In this respect, narratives are the ‘natural’ method of complexity research, when a complex system, the observer, strives to interpret and understand the complex environment with which he or she is inextricably interwoven. Therefore, following Geoffrey Robert’s narrative turn (2006), I propose the method of a complex historical narrative as a tool for the complexified analysis of bilateral relations. In a nutshell, a complex narrative is a meaningful reconstruction of how a complex (bilateral) system evolved over a certain period of time, which dynamics or processes of change brought it there and which concrete events, individuals and influences contributed to this and in what form from my point of view as a contemporary observer of these past developments.

Complex Bilateral Relations Research, IR and Global Life

The introduction of complexity thinking helps to tackle the long-existing deficits of bilateral relations research in IR and finally renders the previous double self-limitation of the field obsolete: A holistic perspective that takes into account the influences on the manifold dynamic processes of a bilateral system, right down to the factors of chance and individuality, eliminates the problem of ‘black boxing’. Since, from a complexity point of view, we are always dealing with interwoven social systems within the global system, the previous latent state-centrism of the field can be overcome: Dyads are complex social systems intersecting with and embedded in other complex social systems and ultimately global life as a whole. Hence, they may consist of different kinds of complex subsystems, such as (sub-)states, international organisations, transnational corporations, Global Cities, but in the end they always arise from their respective ‘individuals, each with different histories, capabilities and goals’ (Rosenau, 1996: 309) and their continuous transactions.

Thereby, I argue that the renewal of bilateral relations research for a world of massive uncertainty and permanent change is theoretically as well as methodologically possible and well-founded in my more comprehensive understanding of complexity following Edgar Morin and others. At the same time, the complexification of bilateral relations research indeed helps to (re)connect this field to the experiences of practitioners of global relations. This enables theory-driven research on bilateral transactions, their driving forces and dynamics in a complex world which is in a mutually enriching and critical dialogue with practice. For although complexity thinking can offer no easy answers, no simple solutions to the current challenges of our world, ‘it does indicate why the challenges we face are so difficult, and why the outcome of our acts can be so different from our intentions. Acknowledging this complexity would be a first step towards more effective action. Awareness of our embedded and contingent existence should make us more thoughtful about what we seek to achieve.’ (Cudworth and Hobden, 2011: 188)

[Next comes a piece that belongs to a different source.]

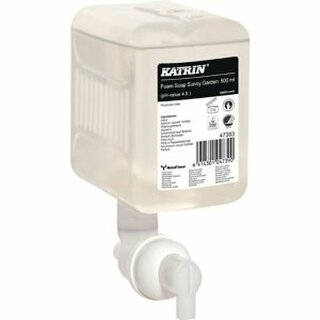 Schaumseife nachfllbar Katrin 47383, 500 ml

Nevertheless, the reception of complexity in IR, especially the comprehensive perspective I advocate, has so far proven a conspicuously reticent and slow undertaking compared to other disciplines. Since the 1990s, there have been attempts to change this dire picture and especially in the more recent past, there have been several noticeable developments in IR theory pointing to an increased sensitivity to different aspects of complexity’s challenge for the analysis of global relations and IR – think only of Alexander Wendt’s Quantum Mind and Social Science (2015), Emanuel Adler’s World Ordering (2019) or Milja Kurki’s International Relations in a Relational Universe (2020). I am convinced that further impulses in this direction are much needed for IR to finally embrace complexity fully. In my opinion, only a discipline that is not only aware of the complexity of its subject-matter but also takes this condition seriously in its analyses will be able to contribute to the transdisciplinary efforts of providing scientific support to (global) society in dealing with the dynamics and challenges of global life.